Ich habe Spliff damals direkt miterlebt, und ich kannte die Musiker auch persönlich ganz gut. Man ist sich hier in Westberlin damals halt ständig über den Weg gelaufen. So riesig war die Szene ja nicht. Und die Spliff Musiker gingen selbst oft auf Konzerte und hingen in den einschlägigen Kneipen und Clubs rum. Abgesehen davon kannte ich auch schon die Lok Kreuzberg gut, und Reinhold Heil ging auf die gleiche Schule wie ich.

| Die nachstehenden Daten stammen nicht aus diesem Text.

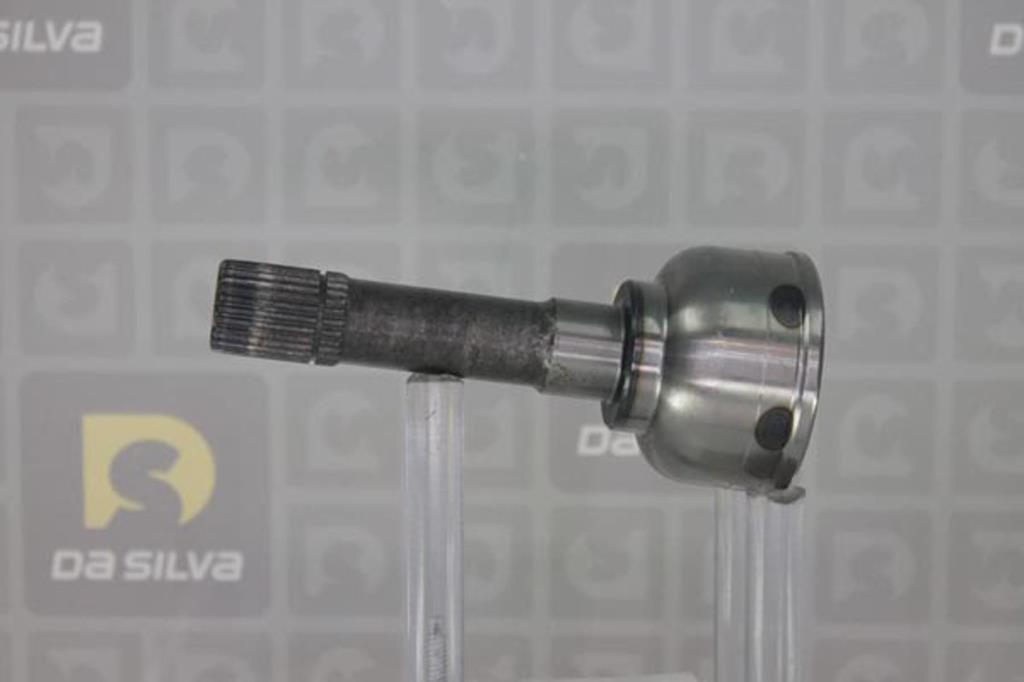 Joint homocinétique, transmission DA SILVA S.A.S. J7925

Es gab schon damals imgrunde zwei – eigentlich sogar drei – weitgehend parallel laufende Szenen. Da war die in erster Linie international orientierte „coole, hippe“ Szene, die beim Zensor und bei Sun oder Zip wöchentlich die Import Platten hörte und kaufte. Die zu den ersten Gigs der Vibrators, Ramones, Wire, Blondie, etc. ging. Die alles Deutsche eher argwöhnisch betrachtete, vor allem wenn es eben sehr „Deutsch“ rüberkam. Berliner Bands wie PVC, Tempo, Ffurs, The Wall, später White Russia u.a. zählten eher zu dieser Szene.
Dann gab es die ndW Szene, die sich weder so nannte, noch mit dem, was später unter nDW vermarktet wurde, etwas zu tun hatte. Also Din A Testbild, P1/E, Neubauten etc. Diesen Leuten gemeinsam war, dass sie zwar von der neuen Musik aus dem UK und aus New York angefixt waren, aber sie entwickelten daraus ihr ganz eigenes, letztlich dann sehr eigenständiges Ding, das ohne besondere deutsche Umstände und Geschichte nicht hätte entstehen können.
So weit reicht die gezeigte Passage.